La cocina o el cuarto de baño pueden ser, de acuerdo, habitaciones, como son también lugares, pero, individualmente, sin calificar, lo cierto es que nunca los llamamos así. Elegimos el nombre particular de cada pieza de la casa. Con habitación, además, vamos con especial cuidado porque solemos reservar la palabra para referirnos al dormitorio. Bueno, cuando hemos dicho antes “nunca”, no incluíamos, claro está, a los escritores:

“Revisaron, de nuevo, toda la instalación. Parecía funcionar perfectamente. En la habitación Adolphe miró, orgulloso, sus grandes monstruos. […] Comenzaron a girar la pesada rueda de las máquinas de electrización por frotamiento” (Juan Ramón Zaragoza, Concerto grosso, Destino, Barcelona, 1981, p. 244).

“El emir de Kuwait se sentó pesadamente en el sofá de su despacho […]. Se abrió la puerta y entró en la habitación el ministro del Petróleo, jeque Mubarak” (Fernando Schwartz, La conspiración del Golfo (1982), Planeta, Barcelona, 1983, p. 145).

“Se encontró en la oscura galería de esgrima.
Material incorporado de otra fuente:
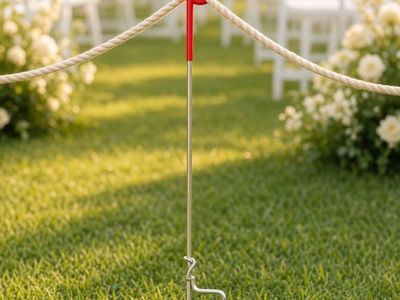 40 Multi uuse galvanized steel garden stakes 41" tall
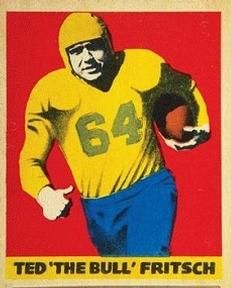 Ted 'The Bull' Fritsch 1949 Leaf #37 Sports Card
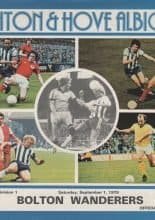 Brighton and Hove Albion v Bolton Wanderers 01-Sep-1979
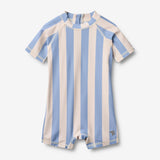 Wheat Main Bade Heldragt Cas Swimsuit 9732 bold blue stripe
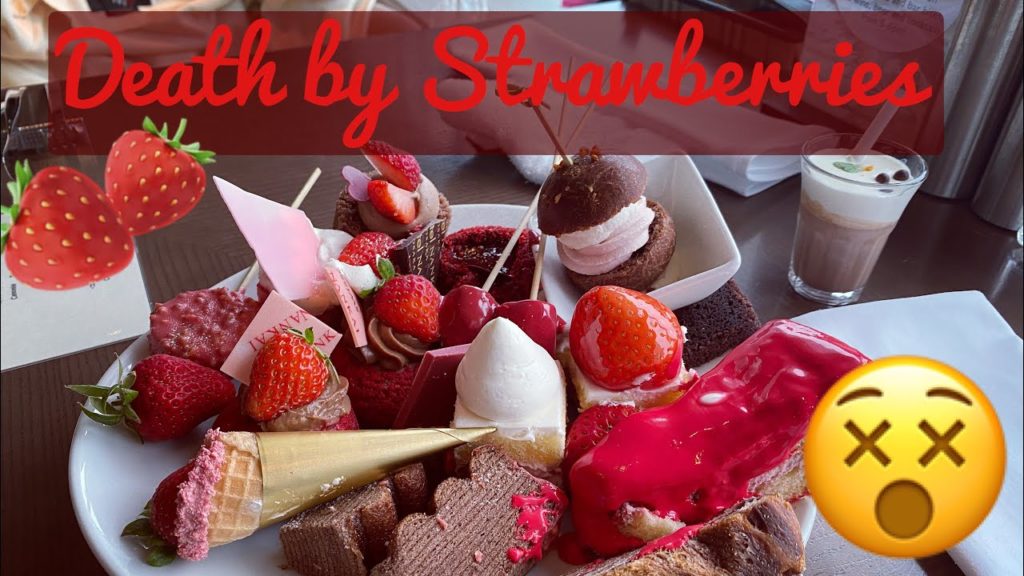 Strawberry buffet in Swissotel Nankai ! 「Galentine's Day」Indonesian SUB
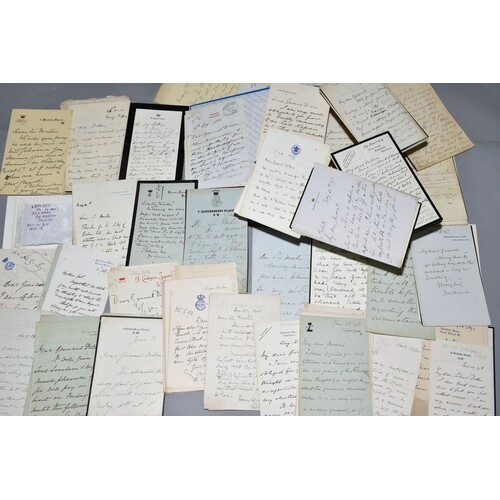 AN INTERESTING ARCHIVE OF ONE HUNDRED AND TWENTY LETTERS TO ...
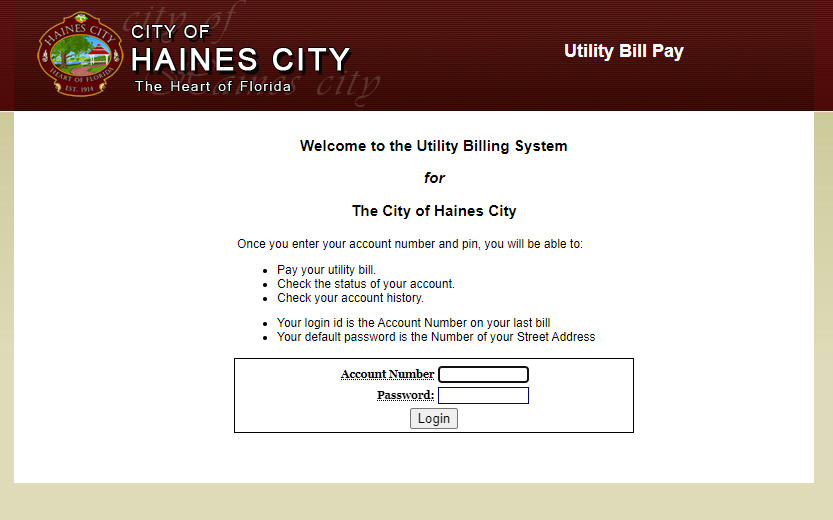 Haines City Water Bill Pay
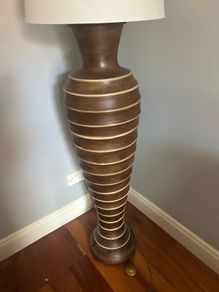 Ceramic floor lamp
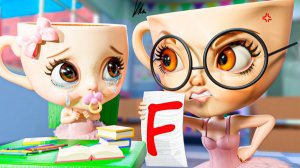 BABY BALLERINA CAPUCHINA at SCHOOL!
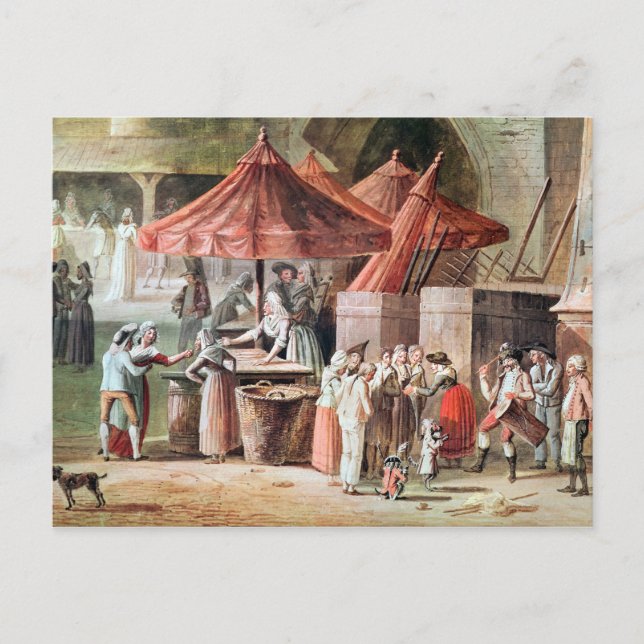 Place de l'Apport-Paris Front of Grand Postkarte (Vorderseite)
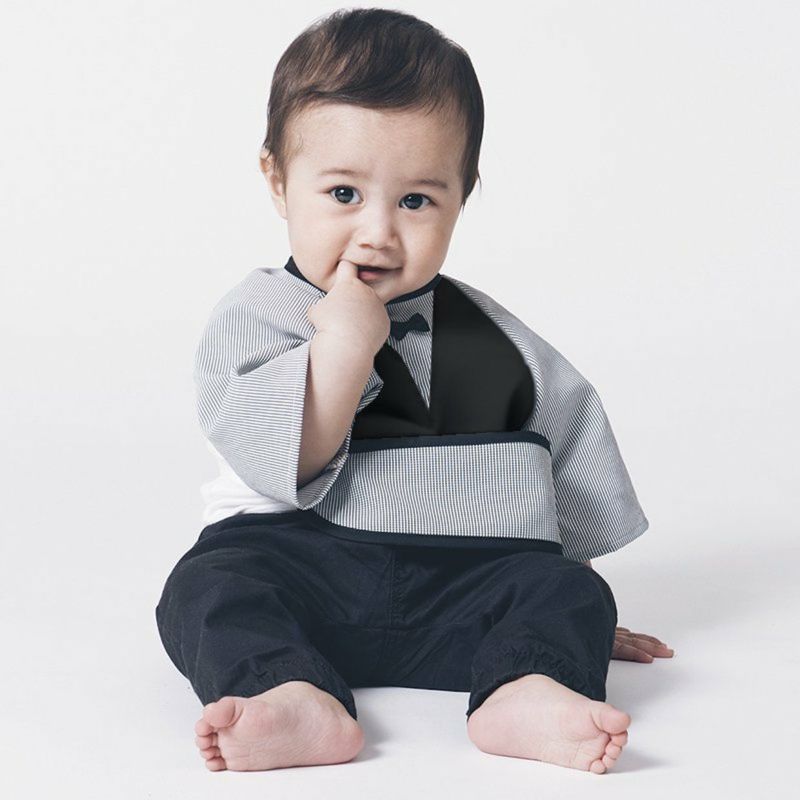 男の子用 袖付き撥水おめかしお食事エプロン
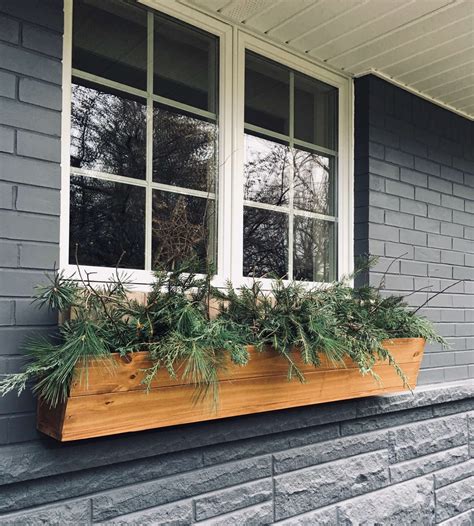 Diy Window Boxes And How To Attach To Bricks Cedar And Stone Farmhouse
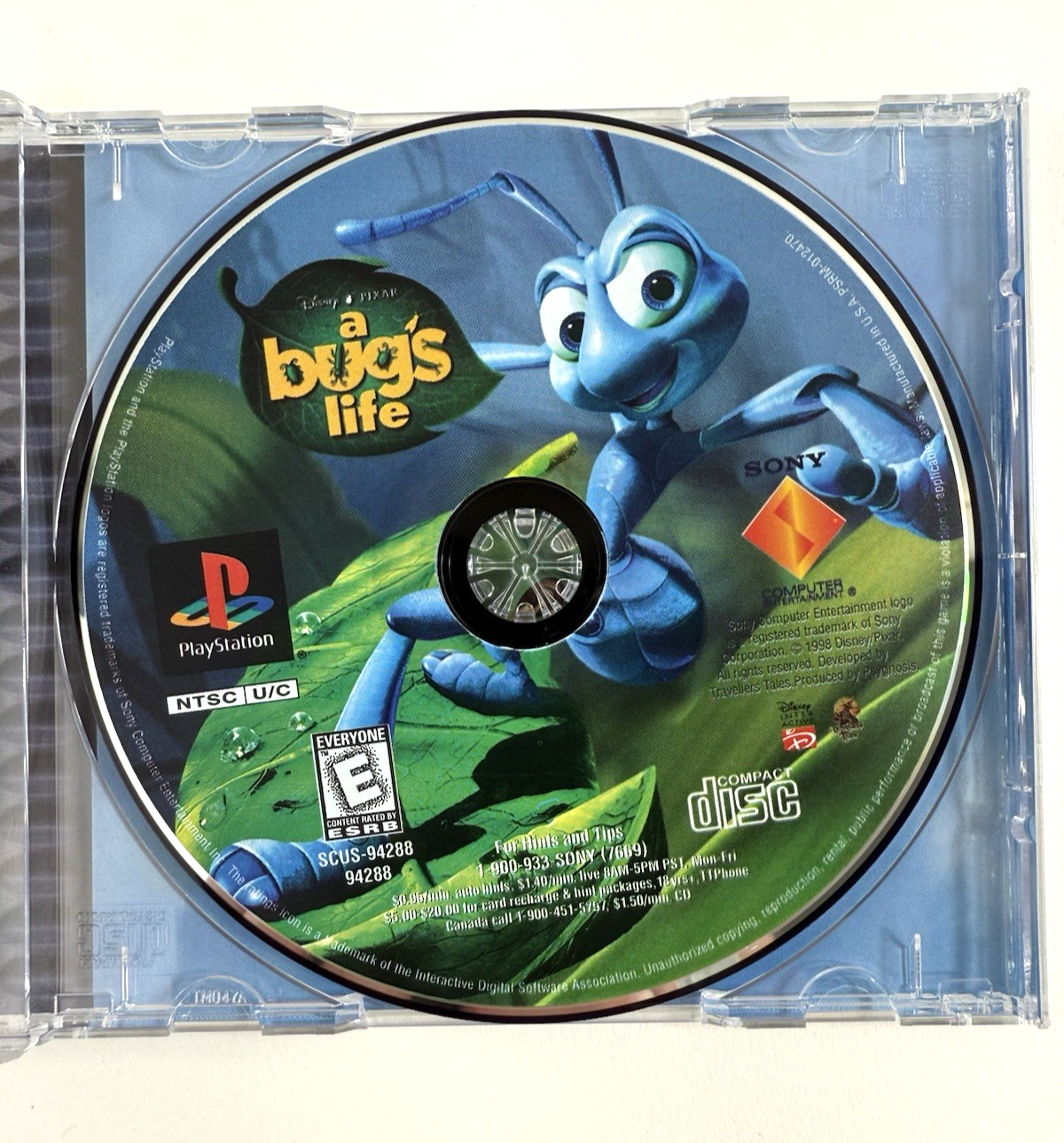 A Bug's Life (Sony PlayStation, 1998) Game Case Manual - Tested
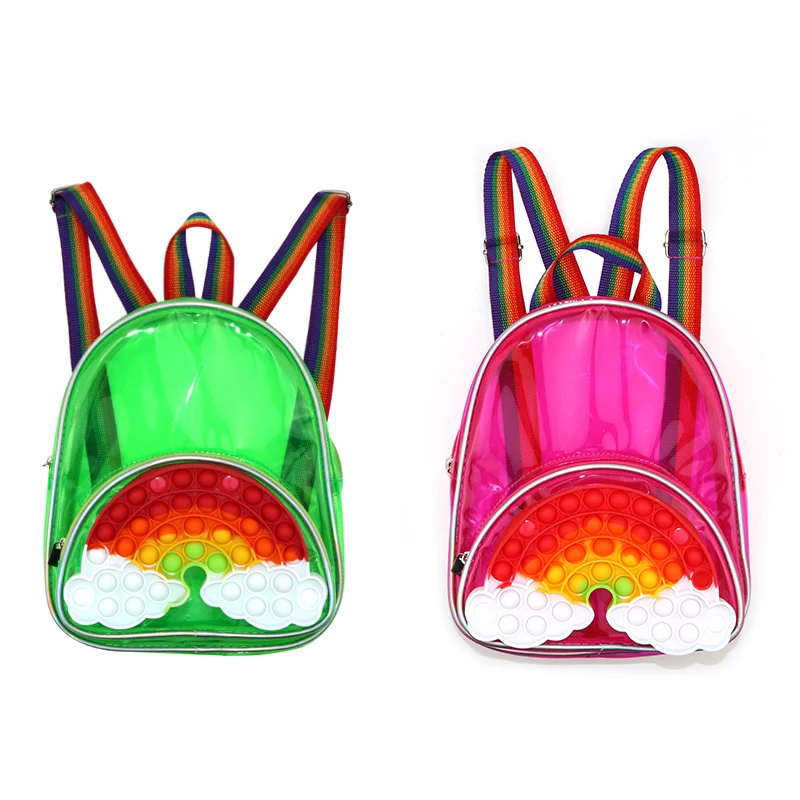 Pop Backpack For Girls Kids Mini Wholesale Simple Bubble Bags Fidget Toy Bag Push Popping School Popper Bubbles Pops Book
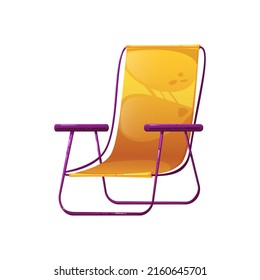 Cartoon camping chair. Isolated on a white background.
Ella le pisaba los talones, la luz del quinqué ya iluminaba la habitación” (Arturo Pérez Reverte, El maestro de esgrima (1988), Alfaguara, Madrid, 1995, p. 269).

“En la salita, como en toda la pensión, olía a puta y a repollo hervido. […] En el centro de la habitación había una mesa cubierta con una manta” (Javier Memba, Homenaje a Kid Valencia, Alfaguara, Madrid, 1989, pp. 168-169).

“Un grupo de personas había entrado en el salón […]. Hasta que del mismo modo que habían irrumpido esos extraños personajes salieron todos y la habitación quedó silenciosa” (Rosa Regás, Azul, Destino, Barcelona, 1994, p. 35).

“El viejo sale de la habitación y yo me quedo solo viendo la tele. Las noticias han terminado y la fili está recogiendo la mesa” (José Ángel Mañas, Historias del Kronen (1994), Destino, Barcelona, 1996, p. 209).

“El sargento y su grupo entraron en la pequeña cocina. En la habitación no cabía un alfiler” (Chester Himes, La banda de los Musulmanes (1959), Akal, Madrid, 2010, trad. de Axel Alonso Valle, p. 89).

“… vi una extensa biblioteca […], no había nadie en la habitación, a menos que estuvieran escondidos en las sombras, detrás de las estanterías” (Ted Dekker, Sangre de Emanuel, Grupo Nelson, Nashville, 2011, trad. de Juan Carlos Cobarro, p. 139).

Como se puede observar, no todos estos ejemplos se guían por la consigna embellecedora de “no repetir”. En el primero está claro que al autor le ha costado encontrar la palabra que pueda designar el espacio que aloja tan monstruosos artilugios; tal vez “laboratorio” no le servía, pero “sala” ¿no parece más indicado que “habitación”? En todo caso, probemos a eliminar “en la habitación” y veremos que el efecto no cambia:

“Revisaron, de nuevo, toda la instalación. Parecía funcionar perfectamente. Adolphe miró, orgulloso, sus grandes monstruos”.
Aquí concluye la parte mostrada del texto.